DIRECTIONS: Your answer must be an exact copy of the entries, containing no images.

Short descriptive text snippets
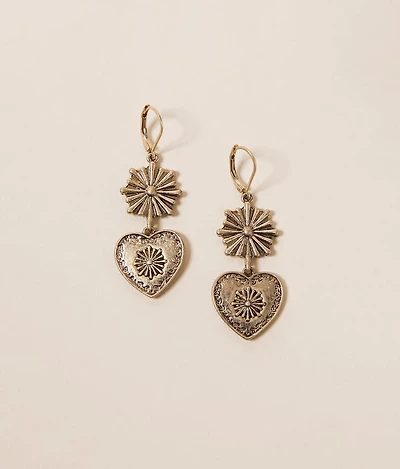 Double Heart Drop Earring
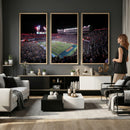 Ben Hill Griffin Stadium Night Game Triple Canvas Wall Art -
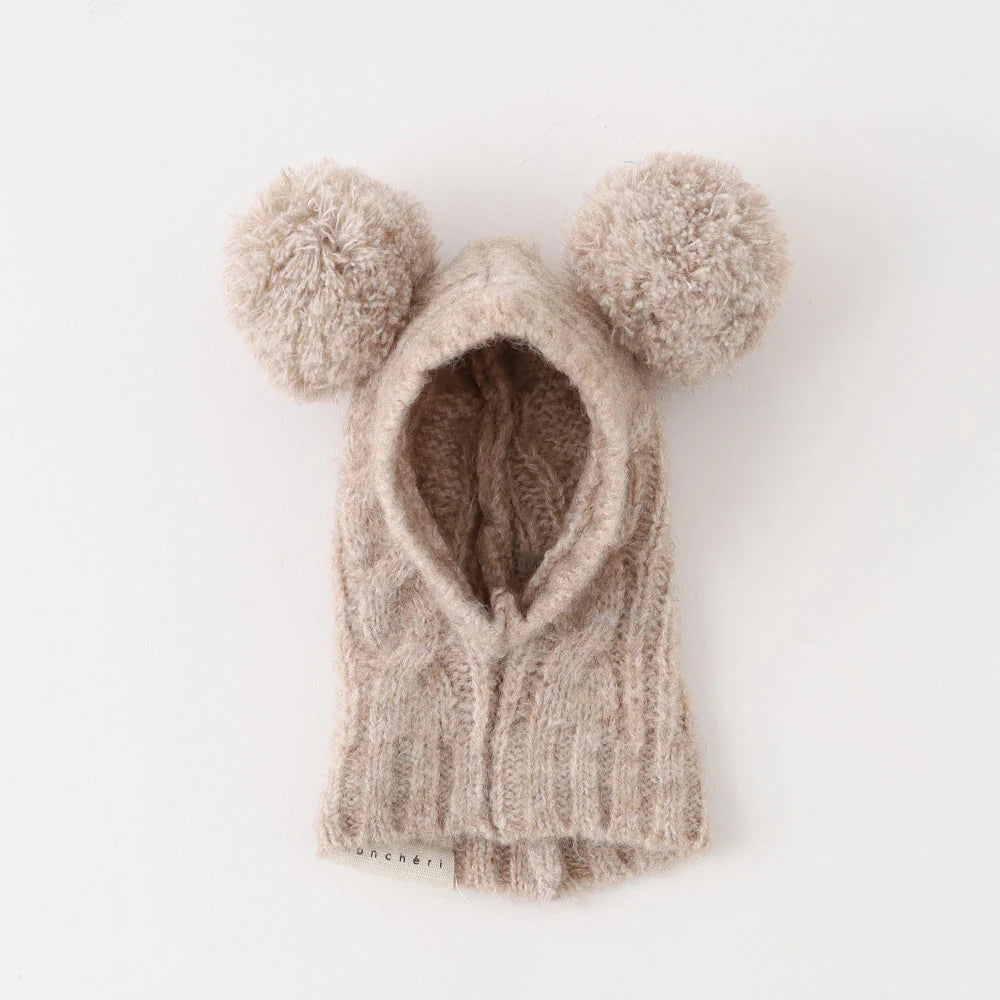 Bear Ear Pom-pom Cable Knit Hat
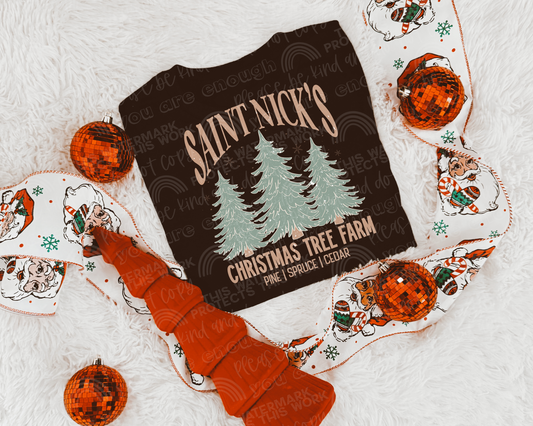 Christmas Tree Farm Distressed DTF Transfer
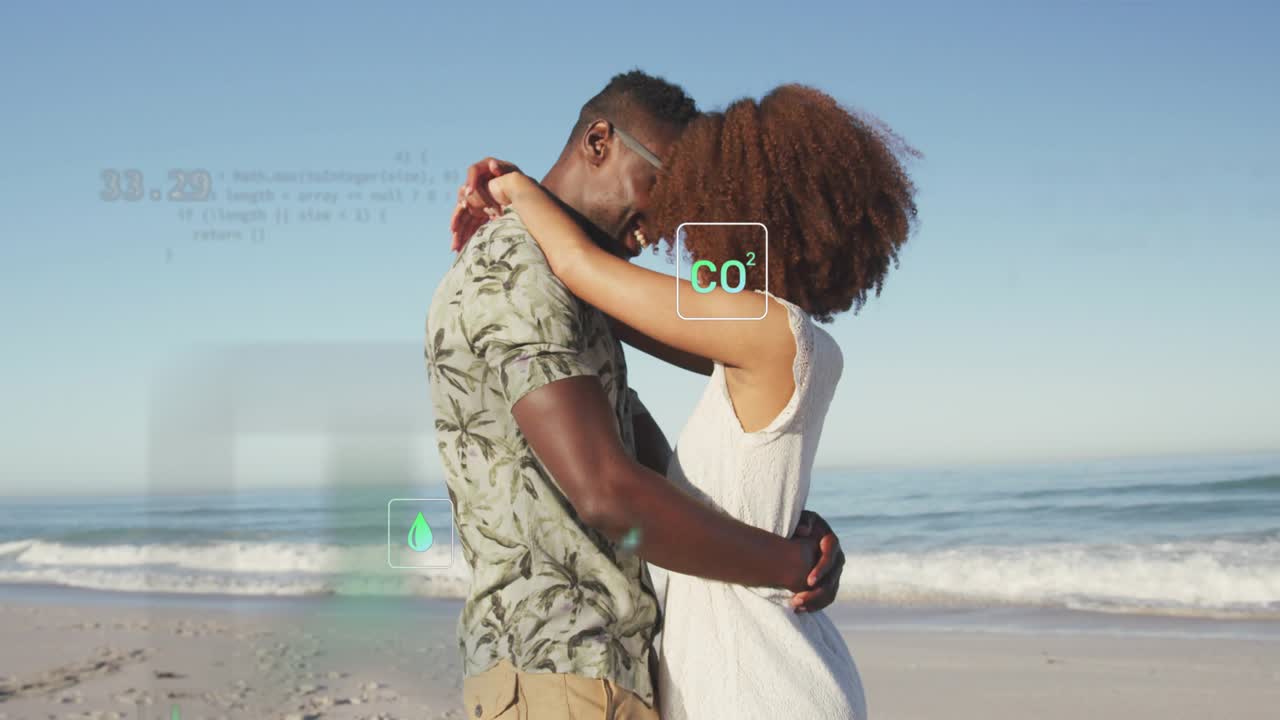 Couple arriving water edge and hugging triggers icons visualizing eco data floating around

RESPONSE BELOW:
 Double Heart Drop Earring
 Ben Hill Griffin Stadium Night Game Triple Canvas Wall Art -
 Bear Ear Pom-pom Cable Knit Hat
 Christmas Tree Farm Distressed DTF Transfer
 Couple arriving water edge and hugging triggers icons visualizing eco data floating around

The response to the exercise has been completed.